Mick Ford is a regular Royal Shakespeare Company actor and he recently starred in the West End production of The Herbal Bed for the Royal Shakespeare Company. Jack Dee makes his acting debut playing 'Yvan'. Jack Dee is well known to British television audiences as a 'stand-up' comedian - he currently has his own TV series - and, although the production continues to sell-out, no doubt Art's producers hope Jack Dee's name will help reach a new (and younger?) audience, as well as benefit from the press coverage such a high profile name will bring.
Talking of high profile names, both Helen Mirren and Michael Gambon are said to be interested in starring in the British premiere of Yasmina Reza's next play The Unexpected Man which is due to open at the Royal Shakespeare Company's 200 seater Pit Theatre in London next year.
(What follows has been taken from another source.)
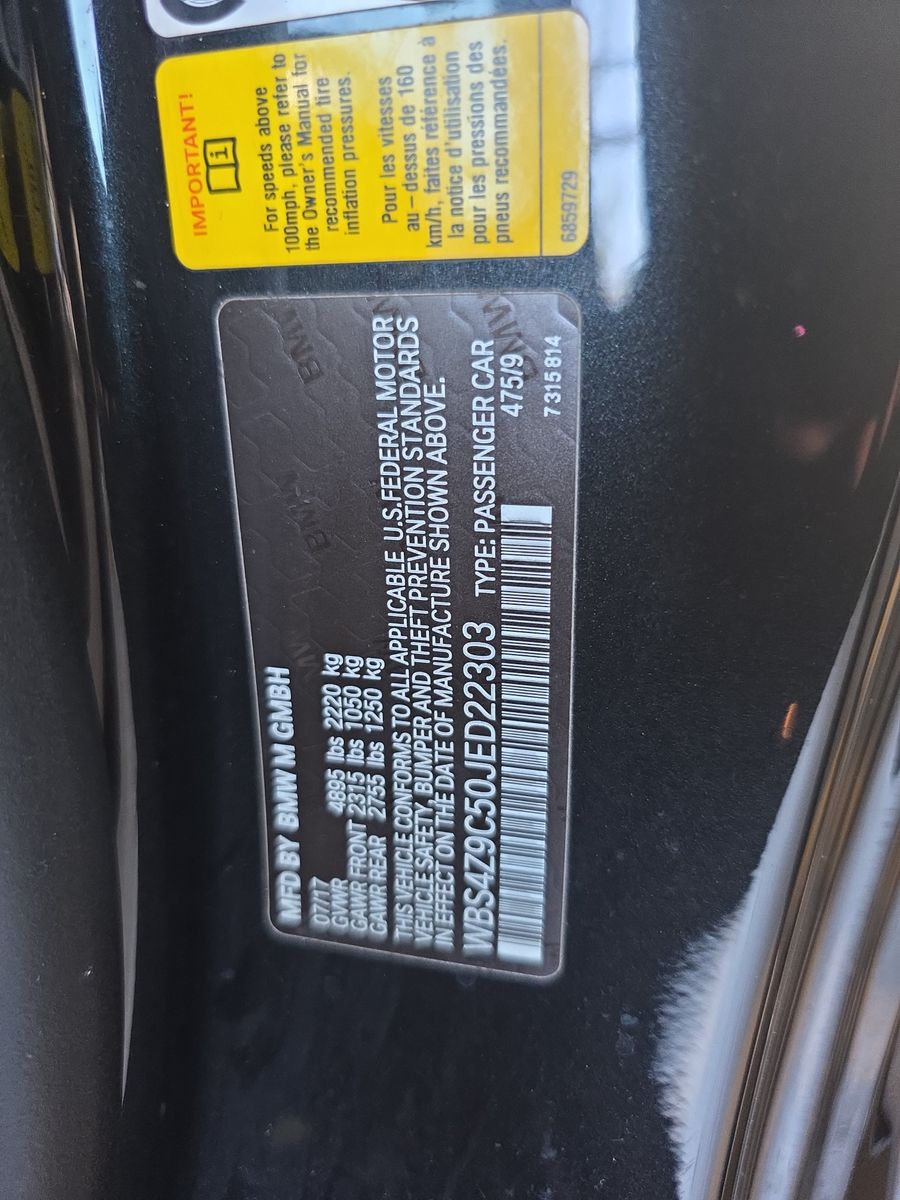 2018 BMW M4 Base RWD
This production will reunite Reza with translator Chritopher Hampton, director Matthew Warchus and designer Mark Thompson when it opens on 15 April 1998, after previews from 8 April.
The Unexpected Man is translated from Reza's 1995 play L'Homme du Hasard which has already won a 1995 Molieire Award for Best Author. The play is about what happenes when two strangers, a man and a woman, sit opposite one another on a train from Paris to Frankfurt. He, an embittered novelist, she, a life-long fan with his recent book in her bag. They do not speak to each other, but their thoughts pour out in dazzling monologues about their loves and lives, art and fiction. If successful, the production is expected to make a swift transfer to a commercial West End theatre.